I criticized some of their artworks not personally. I apologized to those who did not understand that.


* Have you ever participated in the celebrations of the 6 October War? Is it possible to present a song about Egypt and Saudi Arabia?

Although I have not participated in any of the celebrations of the 6 October War, I presented many songs about Egypt in the first concert after the war in 1973. It was a large celebration, in which more than 30 singers performed. I performed a song called “The Brown Boy”, and it was about President Mohamed Anwar Sadat. It achieved a resounding success in Egypt. My heart is with Egypt’s army and people. Egypt lives now in safety under President Abdel Fattah Al-Sisi, and I wish to participate in a similar operetta to the “Arab Dream”.


Why didn’t you present a song in the Egyptian dialect?

I am afraid to sing in the Egyptian dialect on stage, but I sing in the Egyptian dialect on special occasions with my friends. There are many artists who can sing in different dialects brilliantly, but I don’t. Frankly, it is an experience that adds to their artistic career. But I discovered from the beginning that I would not add anything to the Egyptian song, and I would not be able to compete with the Egyptian voices, and I felt that my message must focus on the art of the Arabian Peninsula. I always want to use my artwork to shed light on the arts of the Arabian Peninsula. This was my own artistic project, which is to spread the arts of the Arabian Peninsula throughout the Arab world. I believe that the task of any artist is to sing for his country.


* Did the recent political disputes have an impact on the mood of the Gulf audience?

Politics did not affect the mood of the public. The new generations want to make their way and offer a new type of songs and music.

The six Gulf countries avoided the crises that the Arab world was going through. This is, of course, for the wisdom of their leaders, who saved us from these disasters. Our leaders love their homelands and their people, and seek security and peace for all.


What do you think of the current art scene in Saudi Arabia?

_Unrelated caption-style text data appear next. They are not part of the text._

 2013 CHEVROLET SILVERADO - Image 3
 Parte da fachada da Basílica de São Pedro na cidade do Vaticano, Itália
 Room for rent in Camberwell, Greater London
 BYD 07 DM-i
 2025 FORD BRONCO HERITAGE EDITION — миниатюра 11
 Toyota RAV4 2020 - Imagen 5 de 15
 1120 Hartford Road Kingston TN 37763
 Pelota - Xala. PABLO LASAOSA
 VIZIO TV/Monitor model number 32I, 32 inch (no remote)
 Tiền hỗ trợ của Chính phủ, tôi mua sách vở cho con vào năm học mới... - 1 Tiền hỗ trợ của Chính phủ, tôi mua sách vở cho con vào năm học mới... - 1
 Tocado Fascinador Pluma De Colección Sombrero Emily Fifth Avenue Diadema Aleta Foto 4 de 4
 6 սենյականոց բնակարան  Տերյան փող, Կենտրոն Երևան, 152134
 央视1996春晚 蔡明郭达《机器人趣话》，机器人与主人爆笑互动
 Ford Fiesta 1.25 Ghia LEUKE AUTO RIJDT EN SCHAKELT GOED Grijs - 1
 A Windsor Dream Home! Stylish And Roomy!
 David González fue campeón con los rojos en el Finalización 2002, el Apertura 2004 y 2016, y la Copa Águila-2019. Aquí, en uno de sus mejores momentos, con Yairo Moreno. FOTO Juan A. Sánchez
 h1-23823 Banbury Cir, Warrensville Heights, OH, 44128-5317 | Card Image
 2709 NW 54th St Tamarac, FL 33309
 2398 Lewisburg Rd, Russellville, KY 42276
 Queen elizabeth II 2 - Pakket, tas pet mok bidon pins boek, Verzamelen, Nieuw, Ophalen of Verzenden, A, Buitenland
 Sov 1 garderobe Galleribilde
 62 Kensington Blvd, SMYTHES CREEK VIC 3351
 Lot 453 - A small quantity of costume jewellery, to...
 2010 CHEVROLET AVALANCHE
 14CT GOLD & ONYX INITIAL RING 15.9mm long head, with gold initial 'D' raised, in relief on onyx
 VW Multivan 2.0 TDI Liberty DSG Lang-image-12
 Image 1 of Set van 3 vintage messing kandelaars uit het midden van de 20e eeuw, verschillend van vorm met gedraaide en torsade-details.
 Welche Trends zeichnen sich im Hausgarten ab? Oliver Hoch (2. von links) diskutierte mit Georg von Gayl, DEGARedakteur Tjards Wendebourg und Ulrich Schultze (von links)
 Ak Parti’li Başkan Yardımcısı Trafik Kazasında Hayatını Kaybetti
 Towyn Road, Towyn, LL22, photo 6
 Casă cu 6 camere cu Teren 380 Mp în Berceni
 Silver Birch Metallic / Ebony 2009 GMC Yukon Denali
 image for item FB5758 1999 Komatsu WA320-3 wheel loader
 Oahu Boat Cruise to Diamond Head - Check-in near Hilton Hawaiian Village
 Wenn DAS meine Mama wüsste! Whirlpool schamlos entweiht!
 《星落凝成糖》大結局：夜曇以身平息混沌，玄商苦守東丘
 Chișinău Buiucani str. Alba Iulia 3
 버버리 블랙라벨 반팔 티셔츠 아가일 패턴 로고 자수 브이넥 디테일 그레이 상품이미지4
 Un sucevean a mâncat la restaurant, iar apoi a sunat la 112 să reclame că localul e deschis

What is happening is great and important. It is owed to the audacity of Prince Muhammad bin Salman and his keenness to keep pace with other cultures in the world. This revolution would not have occurred without him. This revolution brought about an awakening of Saudi culture and art in general. Therefore, it was my honour to participate in this important stage of my country’s history and to present everything that I can offer to my country through my art. This step was supposed to happen years ago, but it needed a brave person to take it.